Repentance is not a one-time thing; repentance is an one-life thing.
I used to think that it was guilt that drove me to repent. If I could just muster up enough guilt about my wrong-doings, perhaps I would be able to change, perhaps my contrition would be more true and sincere, perhaps it would make me more worthy of forgiveness. Guilt, however, can do none of these. My guilt about eating too much cake might help me see my need to exercise, but my guilt is not enough to get me home. My guilt does no good on an icy day when the wind is beating on my face while I gasp for air.
love brings me home.
No, not my love for God, but his love for me. His never-stopping, always pursuing, never-giving up, always forgiving, forever love. Hunger makes me long for home. Guilt helps me see that I am wrong, I need his forgiveness. But love waits for me.
My Father saw me and had compassion on me. He ran to me. He brought me home. He sent his Son to pay the penalty of my sin. Jesus Christ was crucified in my place.
Repentance is our response to God's love. Repentance is choosing to believe that his steadfast love is better — than whatever else we look to for happiness. Repentance is choosing him, because he gave himself to us.

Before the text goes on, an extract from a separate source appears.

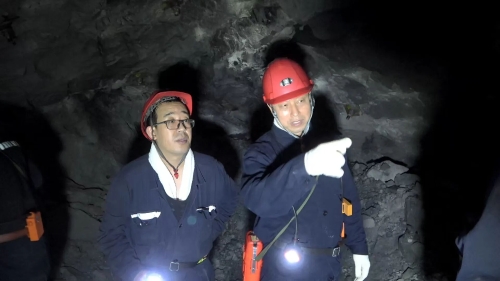 微信图片_20250903110039 微信图片_20250903110039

This is how we repent: We keep our eyes on the shoulders that bore our cross, and we run home to our Father who loves us with an everlasting love. We repent by believing the prayer of David, "Your steadfast love is better."
Your steadfast love is better than the number on the scale.
Your steadfast love is better than the number in the bank.
Your steadfast love is better than a clean and beautiful home.
Your steadfast love is better than a fulfilling career.
Your steadfast love is better than infatuations.
Your steadfast love is better than friendships.
Your steadfast love is better than marriage.
Your steadfast love is better than children.
Jesus said, "If your right eye causes you to sin, tear it out and throw it away... If your right hand causes you to sin, cut it off and throw it away." Our right eye and our right hand are supreme examples of God's good and useful gifts. Even so, God's steadfast love is better.
Your steadfast love is better than my dreams.
Your steadfast love is better than my pride.
Your steadfast love is better than my happiness.
Because your steadfast love is better is better than life, my lips will praise you. (Ps 63:3)
Your steadfast love brings me home.
Repentance requires greater intimacy with God than with our sin. How much greater? About the size of a mustard seed. Repentance requires that we draw near to Jesus, no matter what. And sometimes we all have to crawl there on our hands and knees. Repentance is an intimate affair. And for many of us, intimacy with anything is a terrifying prospect.
- Rosaria Butterfield, The Secret Thoughts of an Unlikely Convert, 21-22.